# Requirements for this notebook:
1. Internet connection (to download corpora and tokenizer data with calls to nltk.download())
2. The following packages:
  1. nltk (Anaconda or PIP command line install : pip install -U nltk OR conda install nltk)
  2. gensim (pip install -U gensim)
  3. scikit-learn v0.18.1 (pip install -U scikit-learn)
  4. matplotlib (pip install -U matplotlib)
  5. numpy (pip install -U numpy)

# Objectives of this notebook are to illustrate how we can do the following with word embeddings:
1. Train some embeddings from scratch
2. Explore embeddings vectors
3. Use these for an NLP task

In [None]:
import os
import pickle
import time
import logging
from collections import defaultdict

import nltk
nltk.__version__

import gensim
gensim.__version__

import numpy as np
np.__version__

from gensim.models import Word2Vec

import sklearn
from sklearn.manifold import TSNE

In [None]:
%matplotlib inline

import matplotlib.pyplot as plt

# Now that we're done with imports, let's download a few datasets
## First some document sets (corpora)
## Then some resources for wordlists and tokenization

In [None]:
%time nltk.download('brown')
%time nltk.download('movie_reviews')
%time nltk.download('treebank')

# Let's download the PUNKT tokenizer first so that we can use tokenize words and sentences
%time nltk.download('punkt')

# Let's download stopwords so we can plot them later
%time nltk.download('stopwords')

In [None]:
#  Now we can import these
from nltk.corpus import brown
from nltk.corpus import movie_reviews
from nltk.corpus import treebank

# Let's look at a few sentences from each of the 3 document sets
* Brown -- First million word corpus created in 1961 at Brown University
* Movie Reviews -- Reviews of movies with sentiment labels
* Penn Treebank -- Widely used dataset for part-of-speech tagging and other NLP tasks

In [None]:
print(brown.sents()[0])
print(movie_reviews.sents()[0])
print(treebank.sents()[0])

# Pro Tip : These corpora are relatively small.  We may not get great results.  Certainly not as large as GoogleNews, Wikipedia, PubMed, etc.  Our mileage may vary

In [None]:
# How many sentences do we have in each corpus?
print('Brown sentence count : ', len(brown.sents()))
print('Movie Review sentence count : ', len(movie_reviews.sents()))
print('Treebank sentence count : ', len(treebank.sents()))

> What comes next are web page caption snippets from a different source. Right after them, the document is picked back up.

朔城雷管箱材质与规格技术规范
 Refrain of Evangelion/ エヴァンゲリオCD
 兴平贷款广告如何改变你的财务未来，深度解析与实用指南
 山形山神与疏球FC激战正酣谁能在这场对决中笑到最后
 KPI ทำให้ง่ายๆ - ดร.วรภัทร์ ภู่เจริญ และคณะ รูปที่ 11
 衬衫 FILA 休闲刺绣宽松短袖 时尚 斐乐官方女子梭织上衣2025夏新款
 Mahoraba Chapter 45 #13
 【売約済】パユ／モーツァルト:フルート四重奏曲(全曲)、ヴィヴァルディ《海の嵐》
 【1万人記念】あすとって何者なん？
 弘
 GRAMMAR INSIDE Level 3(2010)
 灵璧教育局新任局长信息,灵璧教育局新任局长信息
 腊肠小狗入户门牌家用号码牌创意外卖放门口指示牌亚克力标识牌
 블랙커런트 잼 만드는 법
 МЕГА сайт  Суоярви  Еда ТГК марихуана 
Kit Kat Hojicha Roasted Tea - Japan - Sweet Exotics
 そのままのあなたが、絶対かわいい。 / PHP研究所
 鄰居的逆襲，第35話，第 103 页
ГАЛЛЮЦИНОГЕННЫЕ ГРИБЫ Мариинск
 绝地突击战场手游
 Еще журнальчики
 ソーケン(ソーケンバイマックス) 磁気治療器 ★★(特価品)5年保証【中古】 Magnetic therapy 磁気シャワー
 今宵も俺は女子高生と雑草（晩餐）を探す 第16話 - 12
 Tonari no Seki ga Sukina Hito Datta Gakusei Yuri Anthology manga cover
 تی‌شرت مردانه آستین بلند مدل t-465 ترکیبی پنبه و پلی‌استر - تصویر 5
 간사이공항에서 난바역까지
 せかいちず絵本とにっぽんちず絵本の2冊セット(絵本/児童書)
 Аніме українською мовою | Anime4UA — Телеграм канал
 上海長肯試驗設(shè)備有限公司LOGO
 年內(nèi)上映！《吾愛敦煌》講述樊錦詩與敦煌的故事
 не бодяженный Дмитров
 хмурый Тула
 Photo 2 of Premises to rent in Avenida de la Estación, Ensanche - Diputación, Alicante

# Pro Tip : Before we go on, it's good to know about the GenSim documentation for models, training, querying, etc:
https://radimrehurek.com/gensim/models/word2vec.html

# Establish some parameters for training word vectors

In [None]:
# Word2vec has two flavors -- Skip-gram (SG) and continuous bag of words (CBOW)
## Skipgram takes longer to train, so we'll disable it
W2V_SKIP_GRAM = 0
# Determine how many dimensions we want our word vectors to have in the end
W2V_DIMENSIONS = 200
# Minimum count of a token's occurrences in a corpus to be considered for training
W2V_MIN_COUNT = 3

# How many worker threads should we use to train?  Depends on your hardware...
W2V_WORKERS = 1

# Now we can train some word2vec models and time them.
## This doesn't take to long since the documents sets are relatively small and we can easily work with the sentences

In [None]:
%time brown_model = Word2Vec(brown.sents(), \
                             sg = W2V_SKIP_GRAM, \
                             size = W2V_DIMENSIONS, \
                             min_count = W2V_MIN_COUNT, \
                             workers = W2V_WORKERS)

In [None]:
%time movie_model = Word2Vec(movie_reviews.sents(), \
                             sg = W2V_SKIP_GRAM, \
                             size = W2V_DIMENSIONS, \
                             min_count = W2V_MIN_COUNT, \
                             workers = W2V_WORKERS)

In [None]:
%time treebank_model = Word2Vec(treebank.sents(), \
                                sg = W2V_SKIP_GRAM, \
                                size = W2V_DIMENSIONS, \
                                min_count = W2V_MIN_COUNT, \
                                workers = W2V_WORKERS)

In [None]:
# Now that these are trained, we can inspect the final vocabulary sizes for each model
print('Brown Model vocab size : ', len(brown_model.wv.vocab))
print('Movie Review Model vocab size : ', len(movie_model.wv.vocab))
print('Treebank Model vocab size : ', len(treebank_model.wv.vocab))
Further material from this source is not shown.